Now that you've figured that out, it's easy to imagine, for example, that each of those computers keeps a list of all the bitcoins in existence and who owns each one. They get the list of other computers on the network and then update it as new transactions are made. Every time someone wants to make a transaction, he must do it through one of these computers, the person goes to the computer running the program and says: “I'm so and so, I have x bitcoins, and I want to send them to such and such a place ”, the program goes there and sends this message to the other computers, which update their list. End.

This would be a naive version of the protocol that would work if all participants were very honest and no one ever tried to spend bitcoins they don't have.

For something like this to work in the real world, the great invention of Bitcoin had to come in, the brilliant insight of Satoshi Nakamoto, which is the chain of blocks, known around as blockchain .

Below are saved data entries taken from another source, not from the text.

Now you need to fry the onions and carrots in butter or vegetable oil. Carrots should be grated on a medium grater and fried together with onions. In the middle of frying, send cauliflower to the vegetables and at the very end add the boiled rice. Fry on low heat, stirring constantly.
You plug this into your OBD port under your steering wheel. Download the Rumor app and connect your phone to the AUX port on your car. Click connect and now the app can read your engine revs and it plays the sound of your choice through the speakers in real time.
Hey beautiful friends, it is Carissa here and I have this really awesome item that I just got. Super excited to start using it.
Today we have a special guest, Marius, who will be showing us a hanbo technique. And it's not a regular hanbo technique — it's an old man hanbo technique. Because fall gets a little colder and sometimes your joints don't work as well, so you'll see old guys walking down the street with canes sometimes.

It works like this: instead of each computer keeping a list of where each bitcoin is, each computer keeps the chain of blocks. A “block” is just a fancy name for a dataset. Each block consists of a reference to the previous block and a list of transactions. As they contain a reference to the previous one, there is a sequence, an Indian queue, and the computer can be calm knowing the order of the transactions (the transactions that happened in the third block are later than those that happened in the second block, for example) and know that the same bitcoins were not spent twice in a row by the same person, which would be invalid. When a new block appears, all the computers just check if there is no invalid transaction there and, if so,

who makes the blocks

In theory, either computer can do the next block. The idea is that each person who wants to make a transaction goes there and uses a computer on the network to send his transaction proposal (“I want to transfer bitcoins to such and such a place”) to everyone else, and that, when someone goes a block, take all such valid transaction proposals and place them in the block which will then be accepted by all other computers and included in the global blockchain. This global string has to be exactly the same on all computers.

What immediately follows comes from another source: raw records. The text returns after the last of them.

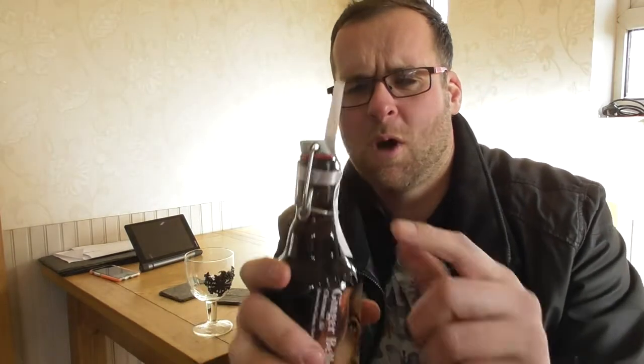So guys, I've got my new goblet - my new hobgoblin goblet, as you can see. Most of you know I'm a big fan of hobgoblin ales and the Wychwood Brewery. As soon as I saw this I had to invest in it - it's my go-to glass now. So let's get Dr. Hans's brew in here.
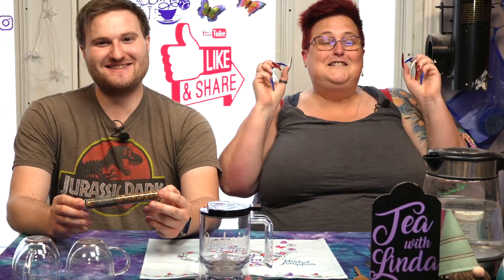Alright, Spencer, tell us anything and everything you know about this tea. Well, it's a green rooibos and lemon tea. It is, again, a green rooibos and lemon tea, and for a third time, it's a green rooibos and lemon tea.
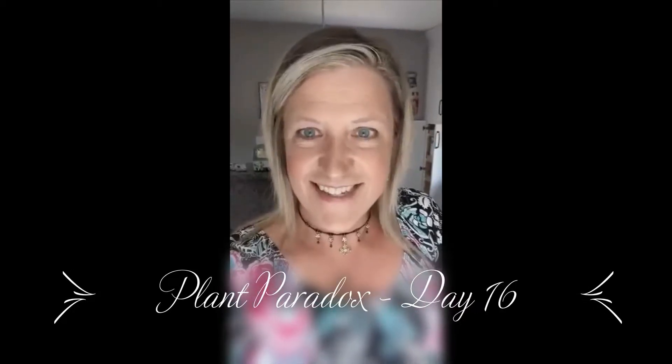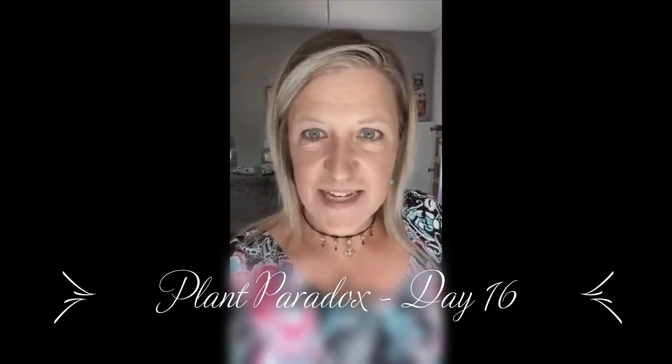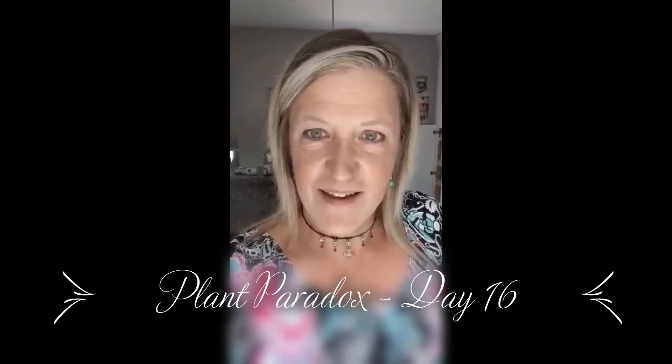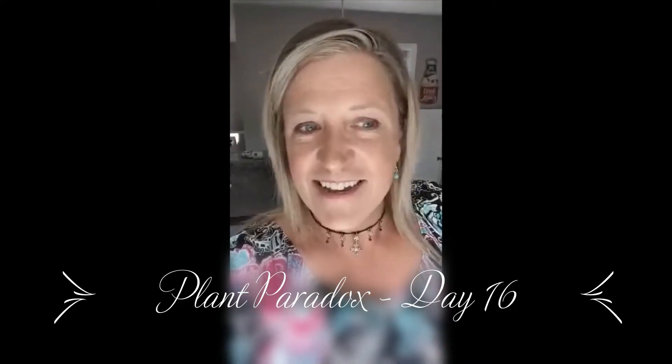Hey there, day 16 — just making a check-in. I know I said yesterday I was going to make crackers because I made the homemade hummus, and the hummus is super good — it's the roasted cauliflower and artichoke hummus. So I wanted something besides veggies and there's a recipe for crackers, but I don't have all the ingredients.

In practice, there is a rule that makes not everyone able to make blocks: it is that the block data hash + a magic number must be less than a very small value xThe magic number is any number that the computer trying to make the block can adjust, by trial and error, so that the hash comes out the way it wants. The xcan be bigger or smaller according to the frequency of the last blocks produced. The smaller x, the more statistically difficult it is to find a magic number that, along with the block data, has a hash smaller than x.

That is: to make a block, many different magic numbers must be tried until one is found that satisfies the conditions.

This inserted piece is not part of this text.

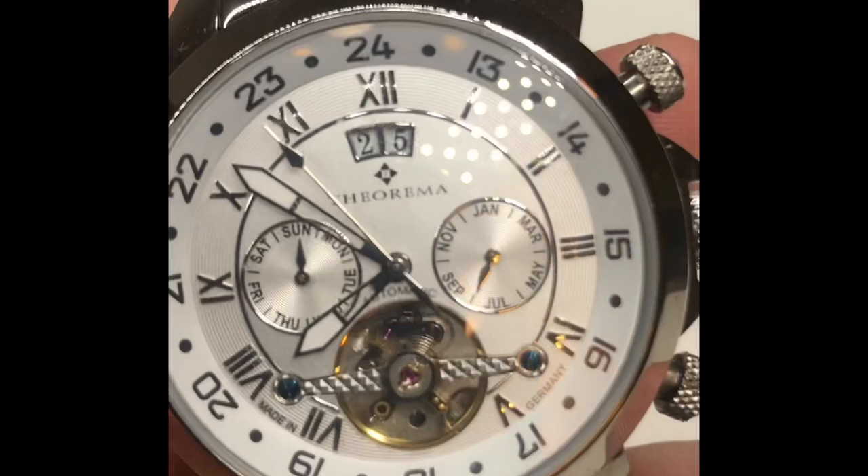I do recommend buying this watch. I think it's absolutely beautiful. If you want to see more videos like this one, please like and subscribe.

What is a hash ? A hash is a mathematical function that is easy to do one way and hard to do the other. Multiplication, for example, is easy to do and easy to do, and its opposite operation, division, too (so much so that anyone with a pen and paper can do it, there's that thing of passing the numbers down and subtracting and such ). An exponentiation operation on the other hand – a number raised to 1000, for example – is easy to do, but to undo it only with trial and error (and it is by trial and error that the computer or the calculator do).

In the case of Bitcoin, the computer that is trying to produce a block has to find a number such that (this magic number + predetermined block factors) raised to 50 results in a value lower than the difficulty factor, another factor predetermined by the general state of the blockchain.

Suppose a computer finds a number 1798465042647412146620280340569649349251249, for example, and it is smaller than the difficulty factor. He then says to the others: “here is my block, the hash of my block is 1798465042647412146620280340569649349251249, the predetermined factors of the block are 4 (these factors everyone can check), and my magic number is 3. (4 + 3) raised the 50 is 1798465042647412146620280340569649349251249, as everyone can see, so my block is valid”. Then everyone accepts that block as valid and starts trying to find the magic number for the next block (and this time the block factors are different, since a new block was added to the chain and caused everything to change).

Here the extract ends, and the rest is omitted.